WHAT YOU SHOULD DO.
In the entries that follow, the line with "メール便：可規格番号：bcdr-3208JANコード：4934569732088キャスト：小野賢章 小野友樹 諏訪部順一" opens the range and the line with "ST. MARK CEREMONY VENUE HVAR" closes it; repeat that range exactly, both lines included.

RECORDED INFORMATION.
--- --- ---
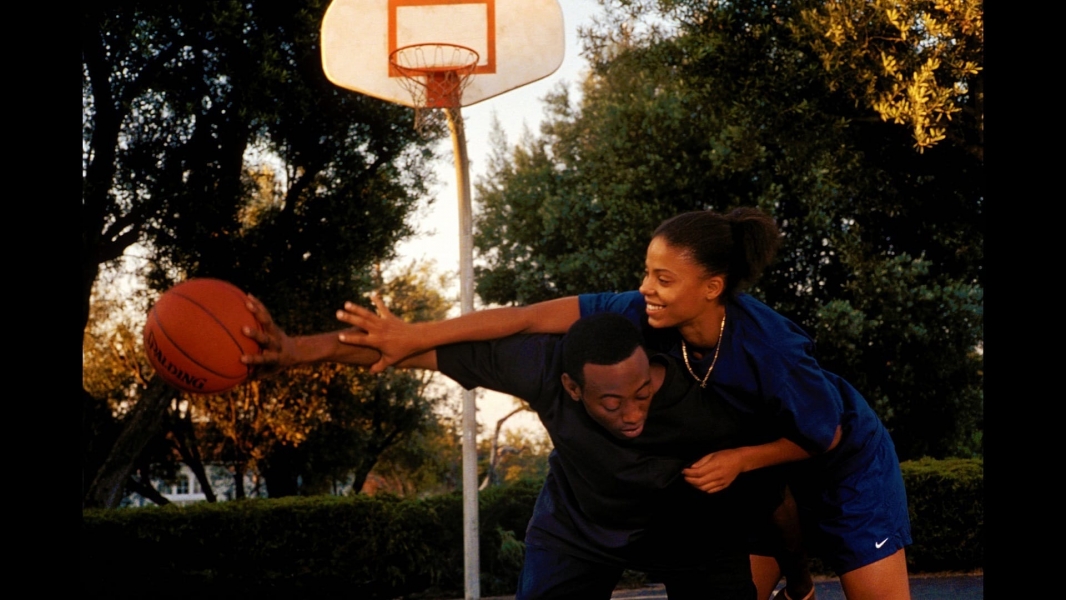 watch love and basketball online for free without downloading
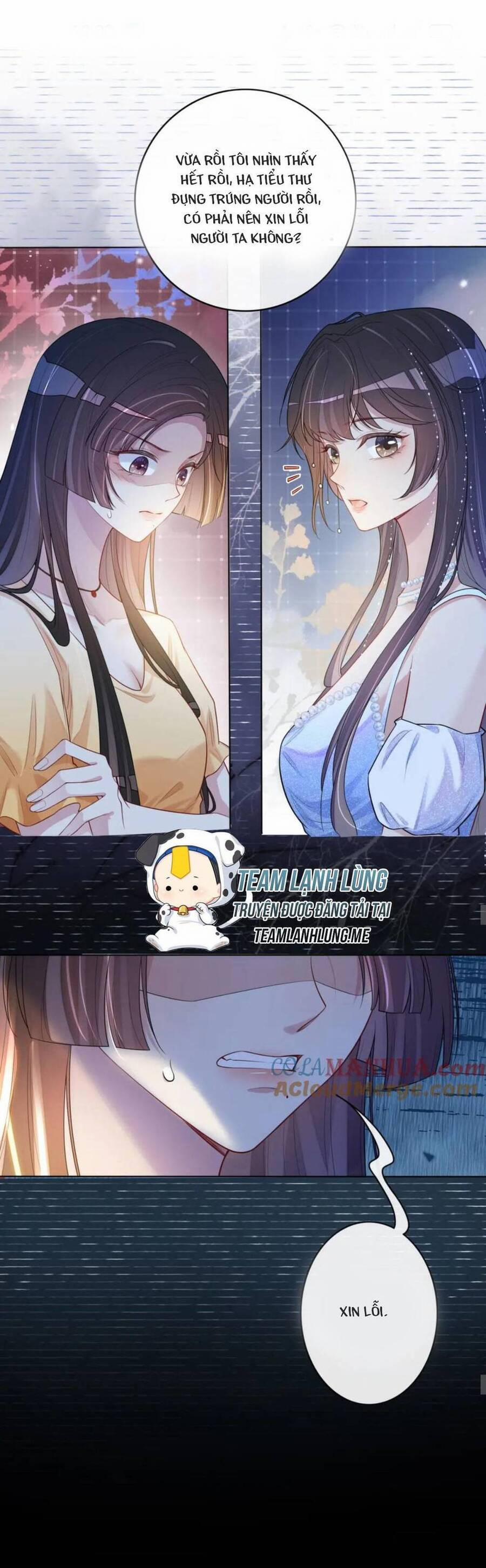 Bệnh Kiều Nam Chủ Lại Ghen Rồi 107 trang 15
--- --- ---
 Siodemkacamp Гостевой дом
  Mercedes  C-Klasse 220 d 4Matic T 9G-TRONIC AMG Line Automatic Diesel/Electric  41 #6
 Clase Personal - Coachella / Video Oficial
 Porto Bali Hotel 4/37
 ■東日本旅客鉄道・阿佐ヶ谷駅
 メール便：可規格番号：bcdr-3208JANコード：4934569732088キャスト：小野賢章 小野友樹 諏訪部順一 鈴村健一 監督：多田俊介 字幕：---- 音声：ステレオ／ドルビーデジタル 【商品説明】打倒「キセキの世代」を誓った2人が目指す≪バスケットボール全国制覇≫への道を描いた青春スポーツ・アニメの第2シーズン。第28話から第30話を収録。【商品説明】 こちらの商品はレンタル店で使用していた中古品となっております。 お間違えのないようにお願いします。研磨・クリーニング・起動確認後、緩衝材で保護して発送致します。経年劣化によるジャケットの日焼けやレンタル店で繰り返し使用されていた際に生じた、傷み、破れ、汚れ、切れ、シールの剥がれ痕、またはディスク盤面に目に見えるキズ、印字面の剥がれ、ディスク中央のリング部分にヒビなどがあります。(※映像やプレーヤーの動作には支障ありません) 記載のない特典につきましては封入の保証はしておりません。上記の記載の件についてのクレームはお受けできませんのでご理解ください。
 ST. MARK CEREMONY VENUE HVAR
--- --- ---
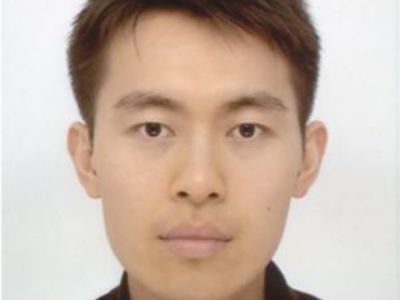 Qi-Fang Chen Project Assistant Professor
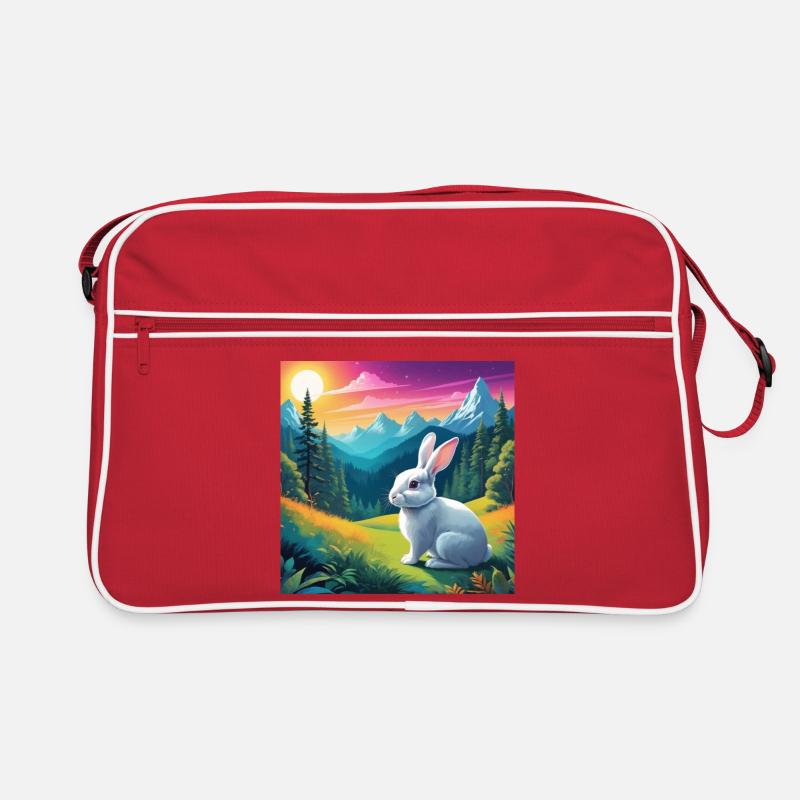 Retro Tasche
--- --- ---
ANSWER SPACE.
 メール便：可規格番号：bcdr-3208JANコード：4934569732088キャスト：小野賢章 小野友樹 諏訪部順一 鈴村健一 監督：多田俊介 字幕：---- 音声：ステレオ／ドルビーデジタル 【商品説明】打倒「キセキの世代」を誓った2人が目指す≪バスケットボール全国制覇≫への道を描いた青春スポーツ・アニメの第2シーズン。第28話から第30話を収録。【商品説明】 こちらの商品はレンタル店で使用していた中古品となっております。 お間違えのないようにお願いします。研磨・クリーニング・起動確認後、緩衝材で保護して発送致します。経年劣化によるジャケットの日焼けやレンタル店で繰り返し使用されていた際に生じた、傷み、破れ、汚れ、切れ、シールの剥がれ痕、またはディスク盤面に目に見えるキズ、印字面の剥がれ、ディスク中央のリング部分にヒビなどがあります。(※映像やプレーヤーの動作には支障ありません) 記載のない特典につきましては封入の保証はしておりません。上記の記載の件についてのクレームはお受けできませんのでご理解ください。
 ST. MARK CEREMONY VENUE HVAR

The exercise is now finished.